The Internet Already Solved This¶
The insight that cracked it open wasn’t novel — it’s the same principle that let TCP/IP survive 50 years while individual protocols came and went. The internet works because:
- The core is dumb. IP routing doesn’t know or care what’s in the packet. It moves bytes from A to B using headers.
- The interface is stable. TCP/IP hasn’t fundamentally changed since the 80s. Everything above and below it has.
- Nodes own their complexity. A web server, a game client, and a satellite phone all speak TCP. None of them need to know how the others work.
The parallel to application architecture is direct:
- Hub = routing layer (discovers modules, routes requests to them)
- Interface contract = TCP/IP (a stable agreement that lets different things compose)

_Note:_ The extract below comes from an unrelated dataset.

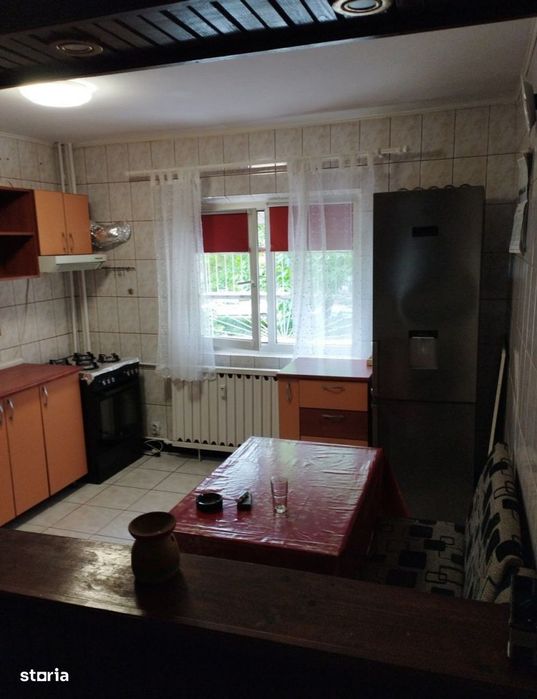Brancoveanu/Metrou-Apartament 3 camere de inchiriat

- Registration points = port numbers (agreed-upon places where capabilities are declared)
- Service registry = DNS (“I need auth — where does auth live?”)
The Refactor¶
The transition looked like this:
Before: Every feature was a file (or cluster of files) that imported what it needed from wherever it lived. New features were wired in by editing the central application startup, the request pipeline, the event bus, and sometimes three other places.
After: Every feature is a self-contained module that implements one interface:
class BaseModule(ABC):
@abstractmethod
def get_router(self) -> APIRouter | None: ...
@abstractmethod
def get_tools(self) -> list[Tool] | None: ...
@abstractmethod
def get_event_handlers(self) -> list[Handler] | None: ...
@abstractmethod
def get_services(self) -> list[Service] | None: ...
That’s the complete integration surface. If your module satisfies this interface, the hub discovers it, mounts it, and routes to it. No other wiring required.
The core — the hub itself — is just routing and registration. It doesn’t contain business logic. It doesn’t know what the modules do. Its entire job is:
- Discover modules
- Call their interface methods
- Mount the results in the right places
- Provide a service registry so modules can find each other without importing each other
What Changed¶
Mental model shrinks to the local. When building a feature, you only need to know: the interface contract, your module’s logic, and where your UI lives. That’s it. The hub handles everything else.
No more discovery-by-failure. The interface IS the checklist. Either you satisfy it or your module doesn’t mount. There’s no way to be subtly incomplete — you’re either integrated or you’re not.
The core stabilizes. The hub, the base interface, and the service registry are probably close to their final form now. They won’t grow because they don’t need to. New capabilities don’t require changing the core — they just plug in.
Deletion becomes safe. Removing a module means deleting its directory. Nothing else references it. Nothing breaks. The hub just… doesn’t discover it anymore.
The Pit of Success¶
There’s a phrase in API design: “pit of success.” It means designing systems where the easiest path — the path of least resistance — leads to correct usage. The wrong way should require effort.
The old architecture was a pit of discovery. Correctness required knowing everything upfront. You had to understand the whole system to safely change any part.
The new architecture is a pit of success. The correct integration path is also the only path. Implement the interface, get mounted. Skip a method, get a clear error. There’s no subtle way to get it half-right.
The Deeper Lesson¶
The reason the internet scaled from 4 nodes to 5 billion while individual nodes stayed simple is exactly this: you don’t scale by making the core smarter. You scale by making the interface stable.
A smart core that understands everything is a bottleneck that grows with the system. A stable interface that connects dumb nodes is infrastructure that stays constant while the system grows around it.
This applies at every level of abstraction. TCP/IP. Unix pipes. Microservices. Plugin architectures. The pattern is always the same: the systems that survive are the ones where the connective tissue is boring and the endpoints are where the interesting work happens.
The refactor wasn’t about making the system more capable. It was about making the architecture disappear — becoming invisible plumbing that features flow through without thinking about. The best infrastructure is infrastructure you forget is there.
What’s Next¶
The logical extension: modules should own their UI, not just their backend. Today, adding a new feature still means touching two places — the module (backend) and the frontend (UI). The architecture should absorb that too. Modules declare their UI contributions through the same interface, the shell assembles them dynamically, and adding a feature becomes truly single-place.
But that’s for another day. For now, the spine is in place. And building on top of it feels like writing on a stable surface instead of wrestling with a living thing.
The loop continues.